In the autumn of 1918, Belgium's currency situation was one of profound dislocation and complexity, a direct legacy of four years of German occupation during the First World War. The occupying authorities had introduced a parallel currency system, most notably the
Reichskreditkassenscheine (RKK notes), to finance their operations and extract resources from the Belgian economy. Alongside these, the pre-war Belgian franc and a flood of other emergency issues circulated, leading to monetary chaos, severe inflation, and a deep loss of public confidence in the value of paper money.
The core of the problem was the existence of two competing central banks. The genuine National Bank of Belgium (NBB) had relocated its operations to London and Havana, while a collaborationist "National Bank" in Brussels under German control issued notes without proper backing. This resulted in a massive over-issuance of currency; the money supply had increased roughly fivefold since 1914. As the German retreat began, the fear was that the worthless RKK notes and the suspect Brussels issues would render the entire currency system untenable, threatening economic collapse at the moment of liberation.

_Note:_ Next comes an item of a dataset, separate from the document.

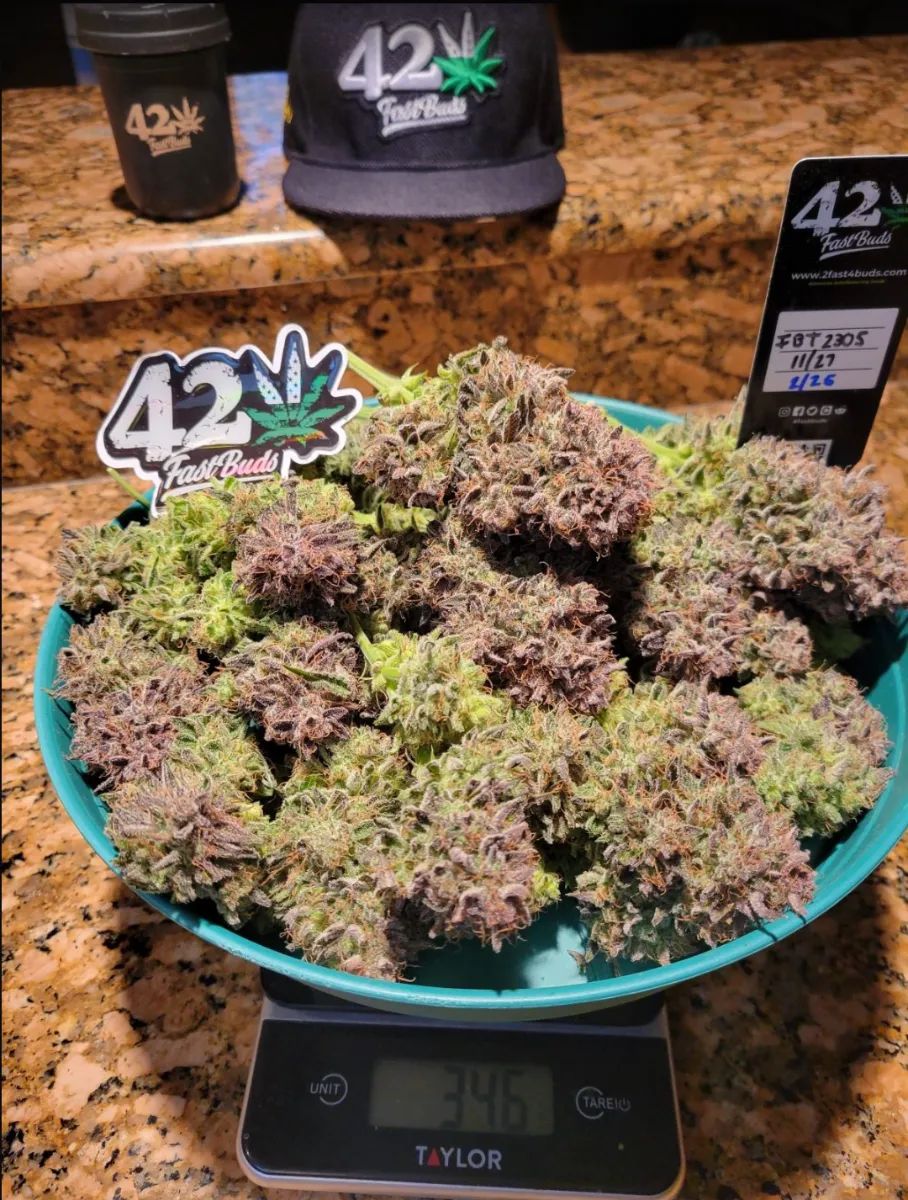 Ztrawberriez Auto — 3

Consequently, even before the Armistice, the Belgian government-in-exile in Le Havre, under Minister of Finance Aloys Van de Vyvere, was urgently planning a radical monetary reform. The plan, enacted by decree on October 4, 1918, aimed to restore sovereignty and stability by demonetizing the occupation currencies and forcing a conversion of all banknotes into new issues from the legitimate NBB. This set the stage for the immense and contentious task of identifying "good" and "bad" money, a process that would define Belgium's challenging economic transition from war to peace.